Fortunately, he struggled towards
a tree onto which he hung until he was finally rescued from the river. The incident was reported in several British newspapers, including the Englishman’s Overland Mail, on
1 August 1907 under the heading “Drowning horses and Gallant soldiers. A sensational rescue.” The Civil and Military Gazette, on 30 July, published the article “Sensational Aquatics at Poona. Narrow Escape of Men and Horses from Drowning.”
While serving in India, John was promoted to Captain on 28th August 1910, and he also commenced his work to become a Fellow of the Royal College of Veterinary Surgeons (FRCVS). A Fellowship from the Royal College of Veterinary Surgeons was usually awarded on the submission and examination of a thesis. Captain Hodgkins’ thesis was on Rinderpest or cattle plague, a virulent disease encountered by his grandfather, Samuel Hodgkins, in 1865.
Captain Hodgkins finished his service in India on 31st January
1912 when he boarded the troopship Rohilla and headed home.
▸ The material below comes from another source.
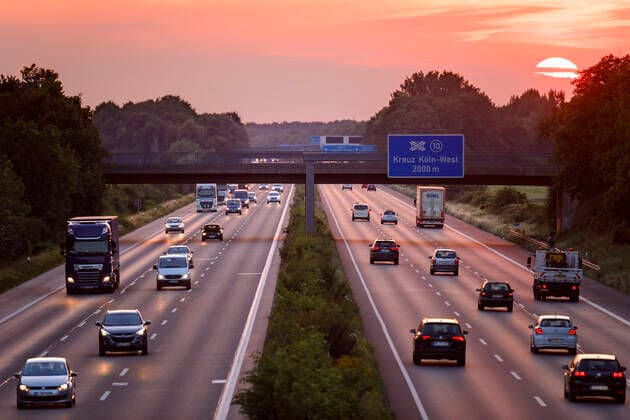 Autobahnabschnitt der A4 bei Köln Lindenthal aufgenommen von der Gleueler Straße. Köln, 09.02.2020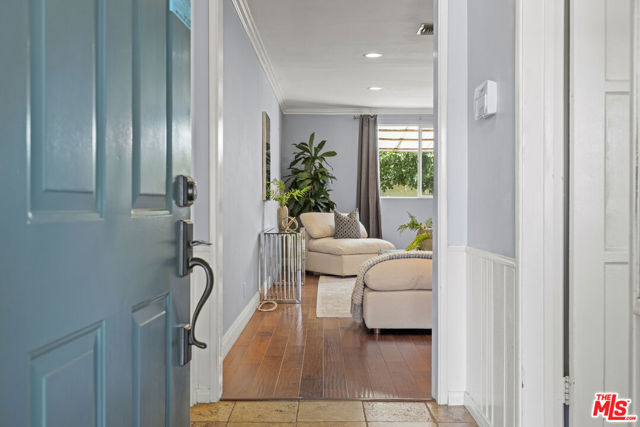 8136 Genesta Avenue, Lake Balboa CA: https://media.crmls.org/mediaz/08a77f09-9843-4fc8-afa0-a40449032409.jpg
His
next posting was to be Dundalk in Ireland, halfway between Dublin and Belfast. There had been a British base at Dundalk since 1791.
In October 1913, Captain Hodgkins was transferred to Dublin, where
he was posted to the Marlborough Military Camp and worked at
No.4 Veterinary Hospital. The Marlborough Base was part of the 3rd Cavalry Brigade, headquartered at the Curragh Military Camp under the command of Brigadier Gough.